“Our task isn’t to be liked, our task is to love and to love those we don’t like.”
“Before you preach live with the text and let the Holy Spirit speak to you before you think about how it will speak to others. If it doesn’t speak to you, then it is not going to speak well to others.”
“To make love a noun instead of a verb is a tragedy.”
Anyway, that’s a few tidbits. Like I said, I have a lot of respect for Gordon Fee and appreciate greatly the wisdom that comes from age.
Wednesday afternoon I went and listened to Roger Olson from Truett Seminary in Texas speak about his new book, “How to be Evangelical Without Being Conservative”. I appreciated what Olson had to say and connect with much of it. He defined “evangelical” as being Christ-centered, Bible believing, conversion required, Post WWII movement which I think is a fair assessment. Many conservatives try to put boundaries around Evangelicalism but a “movement” cannot have boundaries, it is a centered-set, only an institution or organization can have boundaries so to try to force boundaries as many do on what makes up an Evangelical is counter-productive to say the least.
Right now Conservative Evangelicals are ever-drifting towards fundamentalism, trying to harden the categories and “defend” their interpretation of the faith which they correlate to what Jude spoke of as the faith once for all delivered to the saints.
Post-conservative Evangelicalism, Olson says is about four things:
- Conservative Evangelicalism has far too much of a tendency to privilege the past (as if every question in theology has been answered in the first 8 centuries.)
- CE is tied too much to the left/right spectrum and making the distinction. As in, if you’re not conservative, you’re liberal which isn’t true.
- There is a lack of constructive and innovative thinking in theology. Olson says what he is interested in is experimentation in theology (not unfettered experimentation as his critics accuse him of), but rather experimentation using Scripture as the “norming norm”. If Martin Luther would not have questioned or experimented where would we be now? Why should we not continue to reform?
- CE’s involvement in the so called “Culture Wars” is discouraging. Using warlike language and making secularists to be the enemy is missing the point.
He goes on to describe “Post-conservative Evangelicalism” in positive terms by saying it is:
- Being biblical without orthodoxy (which he describes as not buying into a system of theology but rather letting them be learning tools).
- Building character without moralism.
- Celebrating America without nationalism.
- Seeking truth without certainty.
- Taking the Bible seriously without taking it literally.
- Being non-religious without being secular.
- Transforming without taking over culture.
- Redistributing wealth without socialism.
- Relativizing without rejecting theology.
- Updating without trivializing worship.
- Accepting without affirming flawed people.
- Practicing equality without sacrificing difference.
This is exciting stuff and I can’t wait to read the book to dive more in depth.
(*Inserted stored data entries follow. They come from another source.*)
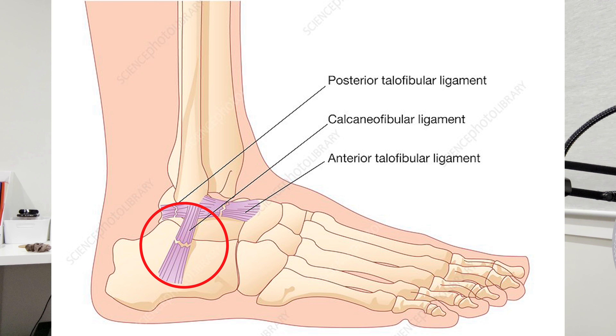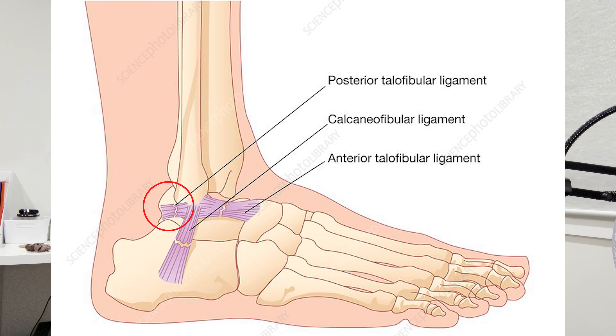From the mechanism of injury we know there was an inversion — he had rolled his foot inwards — and this would lead us to assume he had strained one of the ligaments on the outside of his ankle. There are three major ligaments on the outside: the ATFL (anterior talofibular ligament), the CFL (calcaneal fibular ligament), and the PTFL (posterior talofibular ligament). These three ligaments make up the lateral complex.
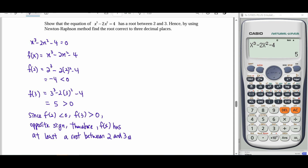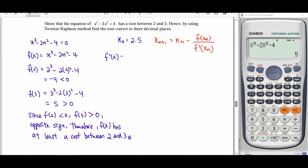We know that we have a root between 2 and 3, so our initial value can start from 2.5. We use the Newton-Raphson method with the formula xₙ₊₁ = xₙ minus f(xₙ) over f'(xₙ). The next step is to find our derivative function. Differentiating f(x), we bring the power to the front and subtract 1 from the power. The derivative of the constant gives 0.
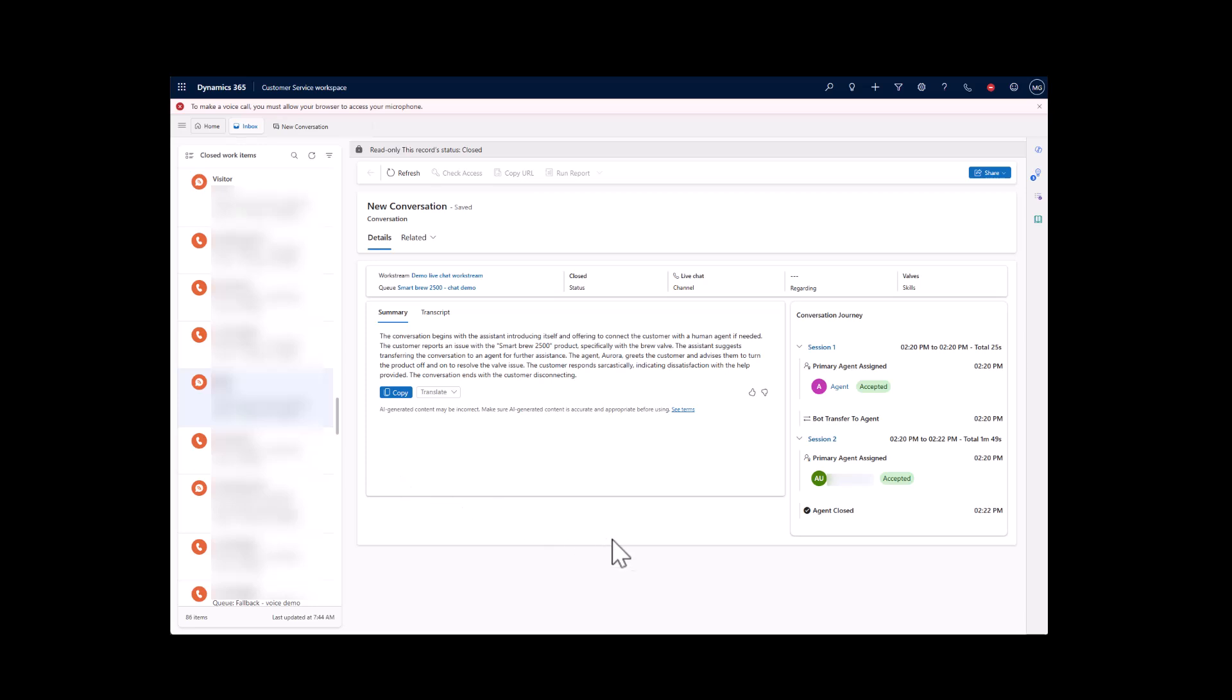Lastly, let's watch Ethan take a look at a live chat conversation to see the new conversation journey, which represents the sessions of the call. He can see how long it took for the call to reach an agent and any reassignments, along with any consults or transfers that happen during the call.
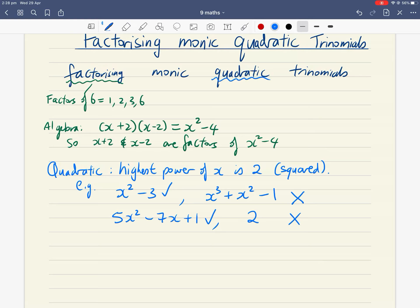On the other hand, something like x cubed plus x squared minus one is not a quadratic because the highest power is three. And a single number like two, with no x at all, is not a quadratic either. So quadratic means the highest power of your variable is two.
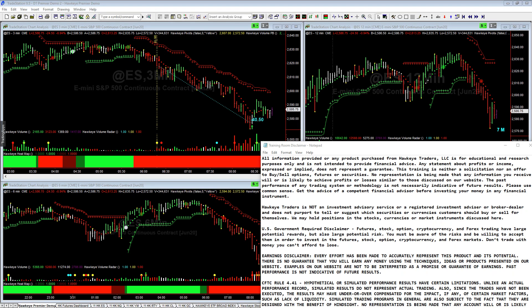Hello, this is Randy Lindsay with Hawkeye Traders. I just wanted to go over a quick trade summary from this morning. Using the Hawkeye Standard Package, I was looking at the markets this morning. The Standard Package is the minimum required tools needed to follow our three-step entry/exit method, which involves looking for an alignment of three different time frames in order to confirm a trade entry.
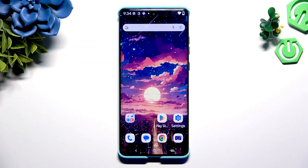In front of me is the Motorola Edge Sexy Fusion, and today I would like to show you how you can operate app permissions.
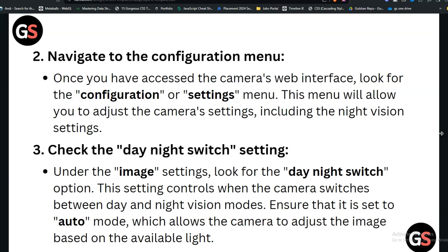Step 2: Navigate to the configuration menu. Once you have accessed the camera web interface, look for the configuration or settings menu. This menu will allow you to adjust the camera settings, including the night vision settings.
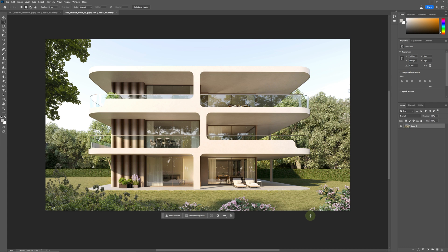Hello everybody and welcome back to the channel. Today we're going to be looking at the new Adobe generative AI fill tool and how we can use it in our architectural visualization images.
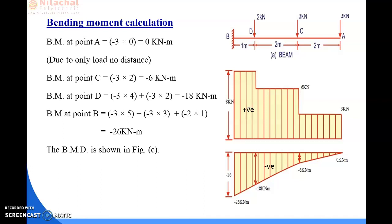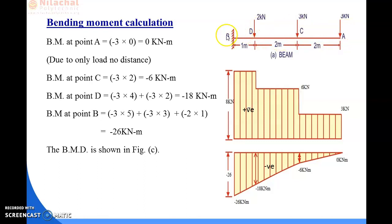As I mentioned in the previous class, in the case of a cantilever beam we always calculate from the right side of the section to the left side. That means in this particular case we calculate all the shear force as well as the bending moment from point A to point B.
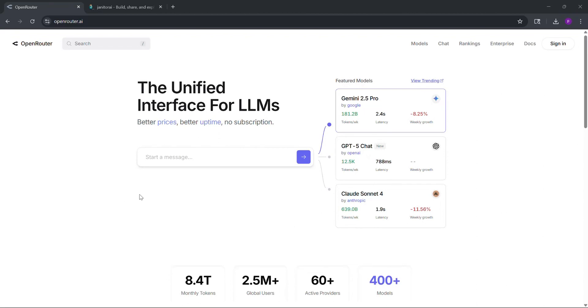Hey everyone, today I'll show you how to set up DeepSeq Proxy in Janitor AI. It's free, fast, and super easy. Let's dive in.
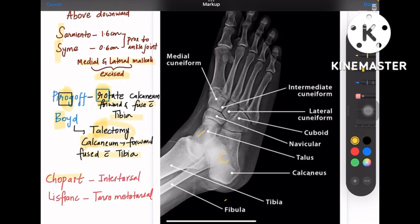Coming to Chopart and Lisfranc — remember, Chopart is a small name and Lisfranc is a large name. Chopart is 'chota' meaning small, referring to intertarsal bones. Lisfranc is large, meaning tarso-metatarsal, because metatarsals are the lengthier bones. So Lisfranc's longer name corresponds to the tarso-metatarsal junction, whereas Chopart is for intertarsal.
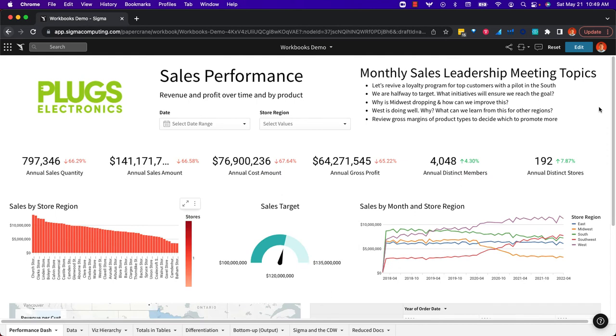So that's Sigma in a nutshell. We provide quick access to large amounts of data, allowing non-technical business users to really just follow their train of thought using the Excel skills that they already have.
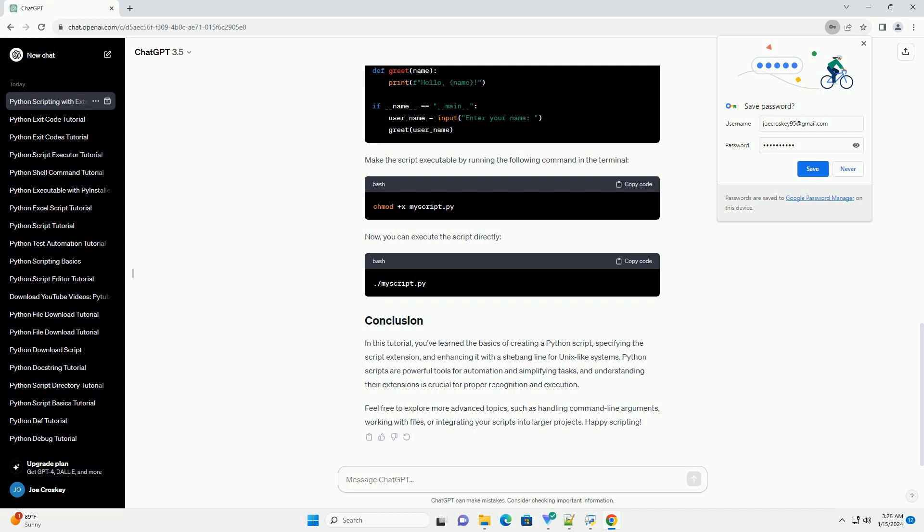In this tutorial, you've learned the basics of creating a Python script, specifying the script extension, and enhancing it with a shebang line for Unix-like systems. Python scripts are powerful tools for automation and simplifying tasks, and understanding their extensions is crucial for proper recognition and execution.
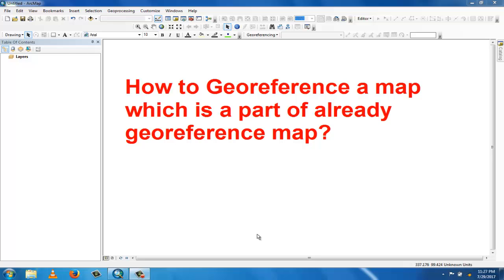Assalamu alaikum. Welcome to Best Solution Line. In this tutorial of GIS, you will learn about how to georeference a map which is a part of an already georeferenced map.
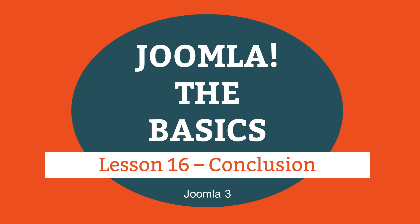This is lesson 16 of 16 lessons on how to build a Joomla website. This lesson provides resources to help you on your Joomla journey.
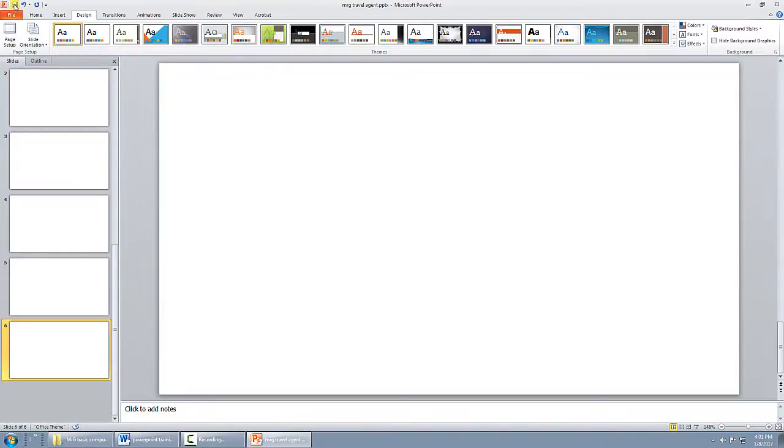So now we're just going to save it one more time. And now you have your slideshow set up and ready to go. And we'll go on to the next video to see how to get started. Thank you.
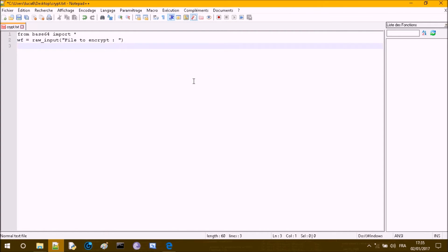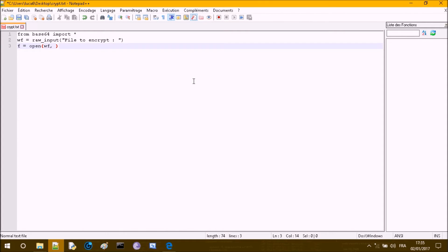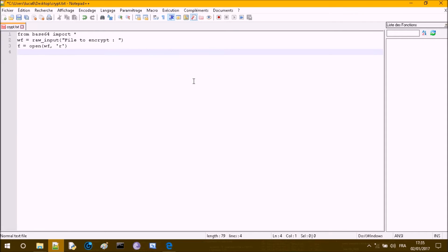Now let's open the file: f equals open(wf) in read mode, because we want to read the file. Then let's create a variable for the content: content equals f.read().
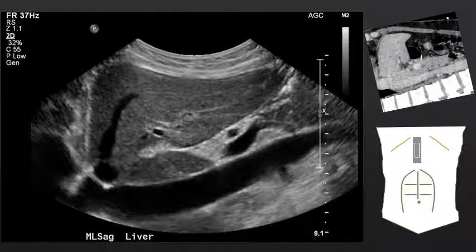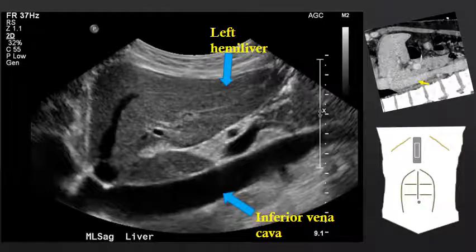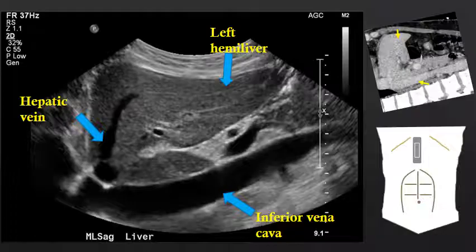If we move slightly to the right of midline, we now see another large vascular structure deep to the left hemiliver. This is the inferior vena cava. Draining into the inferior vena cava from the left hemiliver, we see the hepatic vein.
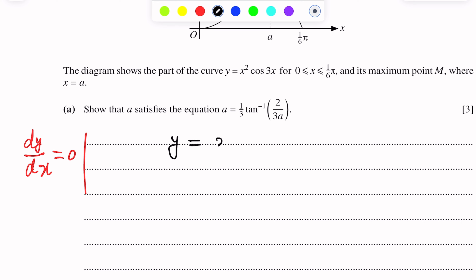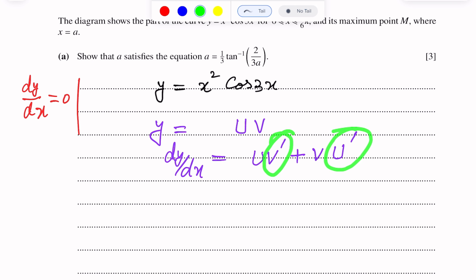Question number 5. The diagram shows part of the curve y = x²cos(3x) for the interval 0 to π/6, and its maximum point M where x = a. Part A of this question: show that a satisfies the equation a = (1/3)tan⁻¹(2/3a).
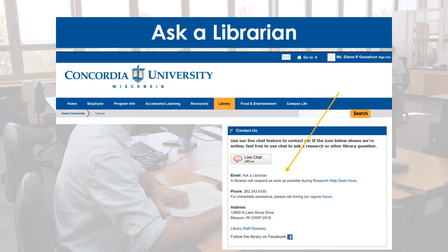Don't be afraid to contact a librarian if you run into roadblocks. In Portal, you'll find our contact us channel, which links to our email form, ask a librarian, phone number, and live chat options. And that's it for practical business research. If you're interested in academic business research, watch our academic business research video.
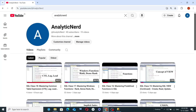Hi, welcome to Analytic Nerd channel. In this channel I shall be covering all the subjects and topics related to data science and data analytics, for example Python, statistics, machine learning, SQL, Power BI, Tableau, MongoDB, deep learning, computer vision, NLP, generative AI, time series analysis, and many more. So do stay tuned to my channel, Analytic Nerd.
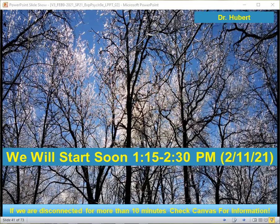All right, let's go ahead and get started. Good afternoon, everybody. We'll begin our session shortly here. Again, if we are disconnected for more than 10 minutes or so, please check on your Canvas site a little bit later for the information that we would have covered during this particular live session.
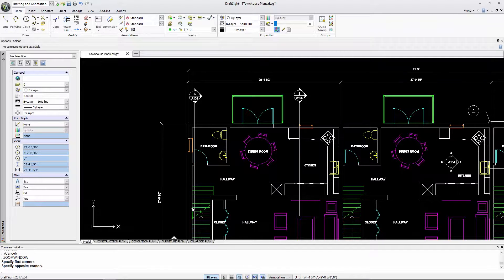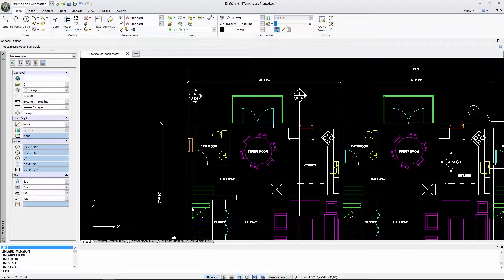Likewise, if I start typing line, you'll see a number of different line-related commands appear. Again, I can select any of these options.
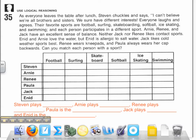Arnie, Renee, and Jack have an excellent sense of balance. Neither Jack nor Renee likes contact sports. Enid and Arnie love the water, but Enid is allergic to salt water. Jack likes cold weather sports the best. Renee wears knee pads, and Paula always wears her cap backwards. Can you match each person with a sport?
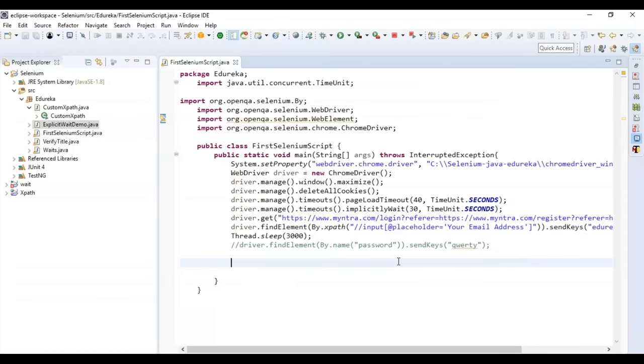These are some best practices for locators: keep them as simple and small as possible, and ensure they work even after you change the properties of the UI element around the target element.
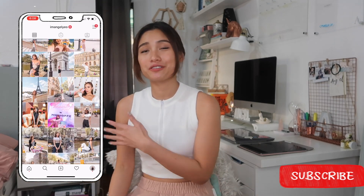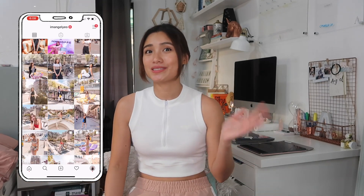Hey everyone, Angel Yeo here. Welcome to another vlog. If you're new here, I am Angel Yeo. I'm a lifestyle blogger and I also make lifestyle videos, so if that's the content you're interested in, please click that subscribe button and the bell beside it so you can get notified whenever I upload videos like this.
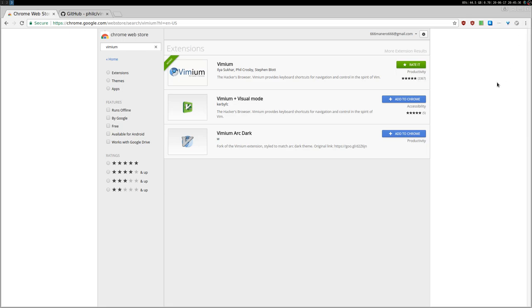Hey, how's it going everyone? Today I'd like to show you a very interesting Google Chrome, or in my case, Chromium, extension. It's called Vimium, and basically transforms your Chrome or Chromium browser.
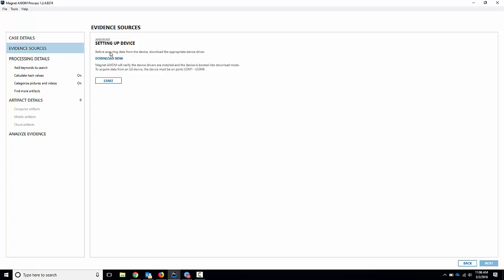First thing you're going to want to do is if you don't have LG drivers, you can download them just by clicking this button and download and install them. If you've already done that before, no problem. You can skip that step. I've already done it, so I don't need to download and install them. Just be aware if you haven't done it before or you're having some issues, download the drivers there and try it again.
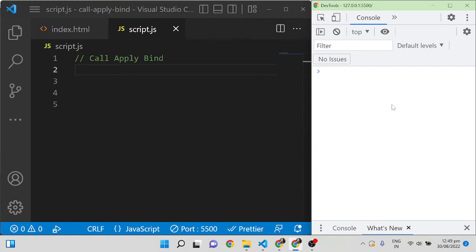In this video I am going to explain three JavaScript functions: call, apply, and bind — what is the use of these functions and what is the difference between them. In almost all interviews they will ask this question about call, apply, and bind. Today I am going to explain with a simple example.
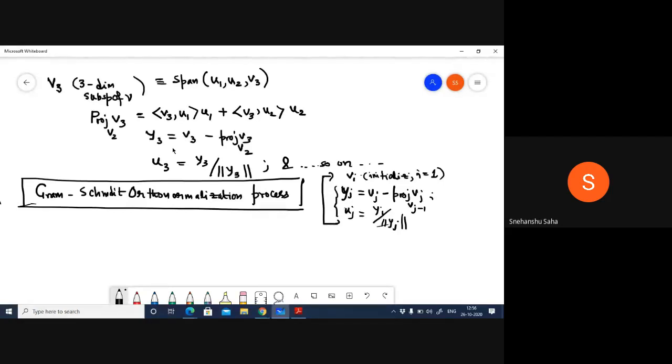This entire process is known as Gram-Schmidt orthonormalization. Algorithmically: initialize with U1 = V1/‖V1‖. Then for j = 2 to n, compute Yj = Vj minus the projection of Vj onto the previous subspace, then compute Uj = Yj / ‖Yj‖. The whole point is that given any basis whose vectors are orthogonal, you can construct an orthonormal basis — making computations including projection, computing inverses, and least square optimization much easier.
Many of these things are not new but it gives a good summary of what “Post-Conservatives” look like. After reading through his categories I want to know where to sign up!
3 comments:
" Seeking truth without certainty."
Can you put that one in a little more context? For instance I don't think Jesus was being figurative when he called himself "the way, the truth and the life" I am certain that he is. :)
Hey Aaron,
I'm not quite sure yet, I'm not to that chapter yet and he didn't elaborate on this one in the workshop. I definitely know what you are saying though. I don't think he would disagree with that but I'm not sure how he would nuance what he is saying.